The Company, at its option, may redeem all, or a portion of, the Notes (i) at any time after December 15, 2018 at a price in cash equal to 103%, of the principal amount thereof, plus accrued and unpaid interest, if any, (ii) at any time after December 15, 2019 at a price in cash equal to 102% of the principal amount thereof, plus accrued and unpaid interest, if any, (iii) at any time after December 15, 2020 at a price in cash equal to 101% of the principal amount thereof, plus accrued and unpaid interest, if any, and (iv) at any time after December 15, 2021 at a price in cash equal to 100% of the principal amount thereof, plus accrued and unpaid interest, if any.

If the Company experiences certain change of control events, the holders of the Notes will have the right to require the Company to purchase all or a portion of their Notes at a price in cash equal to 101% of the principal amount thereof, plus accrued and unpaid interest, if any.

The Notes are secured with a continuing perfected priority security interest in substantially all of the Company’s assets, with certain exceptions including the capital stock of any of its insurance subsidiaries.

The Indenture includes customary events of default.

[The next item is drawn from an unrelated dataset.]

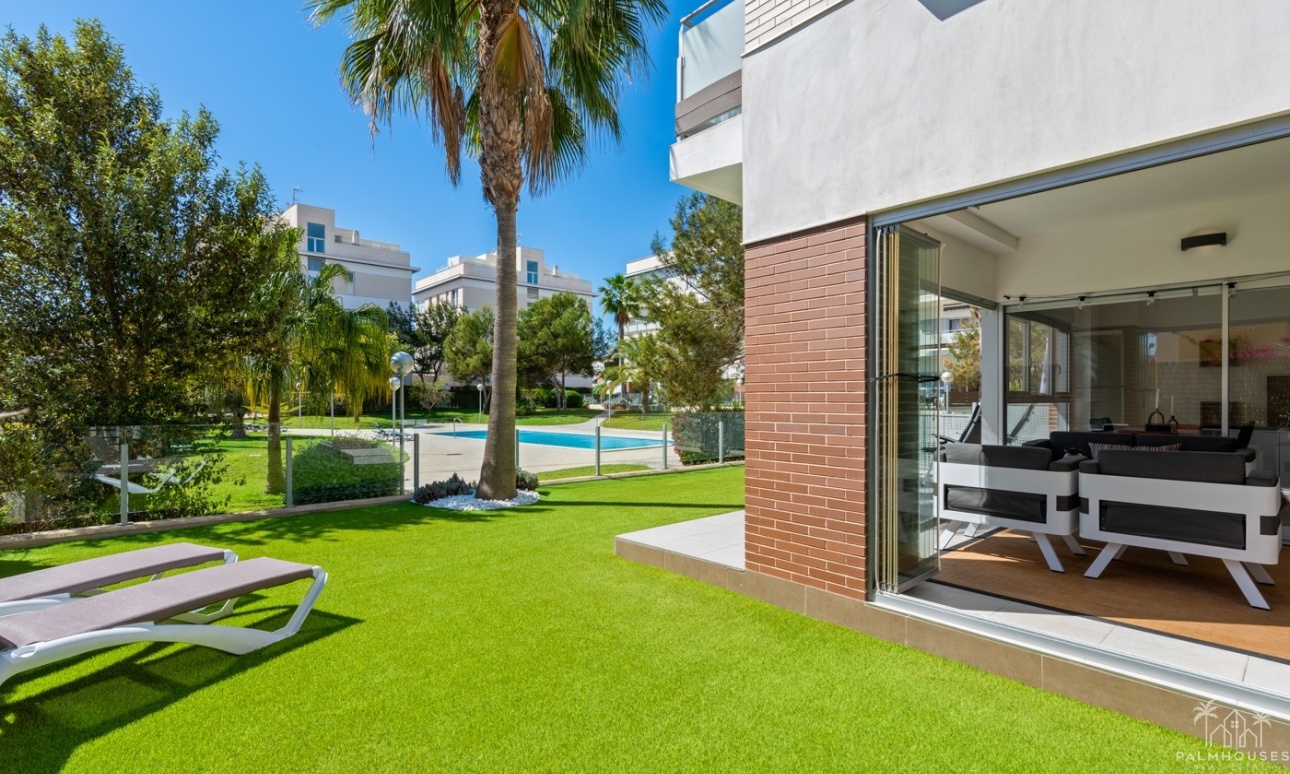 Herverkoop - Appartement - Orihuela Costa - Costa Blanca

It also contains covenants that, among other things, (i) restrict the ability of the Company and its subsidiaries to incur indebtedness or make restricted payments under certain circumstances, (ii) limit the Company and its subsidiaries from creating, incurring or assuming liens other than permitted liens that secure any indebtedness on any asset or property of the Company or its subsidiaries, (iii) require the Company to maintain certain levels of reinsurance coverage during the life of the Notes, and (iv) maintain certain financial covenants.

The foregoing description of the Indenture is qualified in its entirety by reference to the Indenture, which is attached hereto as Exhibit 4.1 and incorporated herein by reference.

 

Item 2.03 Creation of a Direct Financial Obligation or an Obligation under an Off-Balance Sheet Arrangement of the Registrant

The information contained in Item 1.01 of this Current Report on Form 8-K is incorporated herein by reference.


Item 7.01 Regulation FD Disclosure.

On December 13, 2016, the Company issued a press release announcing the Private Placement, which is attached hereto as Exhibit 99.1 and incorporated herein by reference.

On December 16, 2016, the Company issued a press release announcing the Closing, which is attached hereto as Exhibit 99.2 and incorporated herein by reference.

The information in this Item 7.01 is being furnished and shall not be deemed to be “filed” for the purposes of Section 18 of the Securities Exchange Act of 1934, as amended (the “Exchange Act”), or incorporated by reference in any filing under the Securities Act or the Exchange Act, except as shall be expressly set forth by specific reference in such a filing.

 

Item 9.01 Financial Statements and Exhibits.

 

(d) Exhibits:

 

Exhibit No.

  

Description

  4.1    Indenture, dated December 15, 2016, by and among the Company, The Bank of New York Mellon, a New York banking corporation, as trustee, The Bank of New York Mellon, London Branch, as paying agent, and The Bank of New York Mellon (Luxembourg) S.A., as registrar.
99.1    Press Release dated December 13, 2016.
99.2    Press Release dated December 16, 2016.


SIGNATURES

Pursuant to the requirements of the Securities Exchange Act of 1934, the registrant has duly caused this report to be signed on its behalf by the undersigned hereunto duly authorized.

 

    HERITAGE INSURANCE HOLDINGS, INC.
Dated: December 16, 2016     By:  

/s/ Bruce Lucas

    Name:   Bruce Lucas
    Title:   Chairman & Chief Executive Officer


Exhibit Index

 

Exhibit No.

  

Description

  4.1    Indenture, dated December 15, 2016, by and among the Company, The Bank of New York Mellon, a New York banking corporation, as trustee, The Bank of New York Mellon, London Branch, as paying agent, and The Bank of New York Mellon (Luxembourg) S.A., as registrar.
99.1    Press Release dated December 13, 2016.
99.2    Press Release dated December 16, 2016.